When asked what is most likely to blow governments off course, Former UK PM, Harold Macmillan, is reputed to have answered "Events my boy, events."
Already, with ISIS attacks in the Sinai, Beirut and now France, events are starting to shape the new Canadian government. The new PM has been adamant that Canada would withdraw its fighters from the anti-ISIS campaign. Canada also committed to taking 25,000 Syrian refugees and, despite the fact that there has not been enough time to properly organize, it is still full speed ahead. The concerns voiced by many resettlement groups that extending the deadline to February or March might help Canada better succeed has been ignored, and the government has been persistent and insistent that it will not reconsider either. But beyond events, there is another indication of how decisions are shaping up – and that being the refusal to allow a runway extension at Billy Bishop airport.

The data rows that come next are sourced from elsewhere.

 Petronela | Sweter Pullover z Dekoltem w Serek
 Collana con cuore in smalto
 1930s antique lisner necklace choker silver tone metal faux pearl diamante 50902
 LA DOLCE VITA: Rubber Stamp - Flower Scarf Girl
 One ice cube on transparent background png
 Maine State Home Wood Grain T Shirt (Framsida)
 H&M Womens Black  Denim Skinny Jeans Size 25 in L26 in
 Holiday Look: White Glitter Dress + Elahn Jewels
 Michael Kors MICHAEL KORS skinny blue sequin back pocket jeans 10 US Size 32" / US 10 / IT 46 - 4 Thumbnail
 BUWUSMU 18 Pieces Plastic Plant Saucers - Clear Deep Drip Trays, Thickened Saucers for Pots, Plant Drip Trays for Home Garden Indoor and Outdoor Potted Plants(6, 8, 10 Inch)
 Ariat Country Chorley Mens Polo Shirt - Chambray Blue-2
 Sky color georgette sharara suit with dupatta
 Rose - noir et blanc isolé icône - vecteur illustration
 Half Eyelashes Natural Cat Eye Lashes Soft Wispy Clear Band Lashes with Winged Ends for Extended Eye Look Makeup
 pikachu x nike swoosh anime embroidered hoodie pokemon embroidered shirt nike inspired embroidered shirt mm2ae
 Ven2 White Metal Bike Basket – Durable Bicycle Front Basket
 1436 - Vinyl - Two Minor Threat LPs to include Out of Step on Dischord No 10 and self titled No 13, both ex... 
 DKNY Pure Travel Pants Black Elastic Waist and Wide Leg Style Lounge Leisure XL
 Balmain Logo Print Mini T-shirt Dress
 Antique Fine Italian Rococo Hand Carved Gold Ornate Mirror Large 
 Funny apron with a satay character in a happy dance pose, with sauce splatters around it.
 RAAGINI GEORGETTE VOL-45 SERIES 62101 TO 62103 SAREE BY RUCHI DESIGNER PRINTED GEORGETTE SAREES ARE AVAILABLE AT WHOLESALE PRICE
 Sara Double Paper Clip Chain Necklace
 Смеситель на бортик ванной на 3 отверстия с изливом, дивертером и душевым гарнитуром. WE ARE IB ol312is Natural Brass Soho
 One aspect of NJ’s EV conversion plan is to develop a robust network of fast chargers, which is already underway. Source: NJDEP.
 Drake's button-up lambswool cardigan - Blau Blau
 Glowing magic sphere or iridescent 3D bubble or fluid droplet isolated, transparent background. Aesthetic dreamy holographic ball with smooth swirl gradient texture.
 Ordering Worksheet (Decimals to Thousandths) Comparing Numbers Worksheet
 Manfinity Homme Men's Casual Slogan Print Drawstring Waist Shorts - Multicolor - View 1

In each case, Liberal campaign promises are being tested. With respect to Billy Bishop airport, the refusal caters to a small group of vocal opponents, and does not strongly enough consider of the economic benefit to Toronto – let alone a key order for 30 airplanes to Bombardier, the troubled manufacturer of the C-Series low-noise, low-emissions jets. This decision affects jobs.
Promises politicians make should be kept, after all, we tend to disdain what we would call flip flops in politics. But more importantly, we expect politicians to adjust promises on the basis of new information, or events which should force a recalculation. That does not seem to be happening.
So far, the new government seems inclined to to stick to its promises, no matter the impact of events or new information. That does not sound like evidence-based decision making.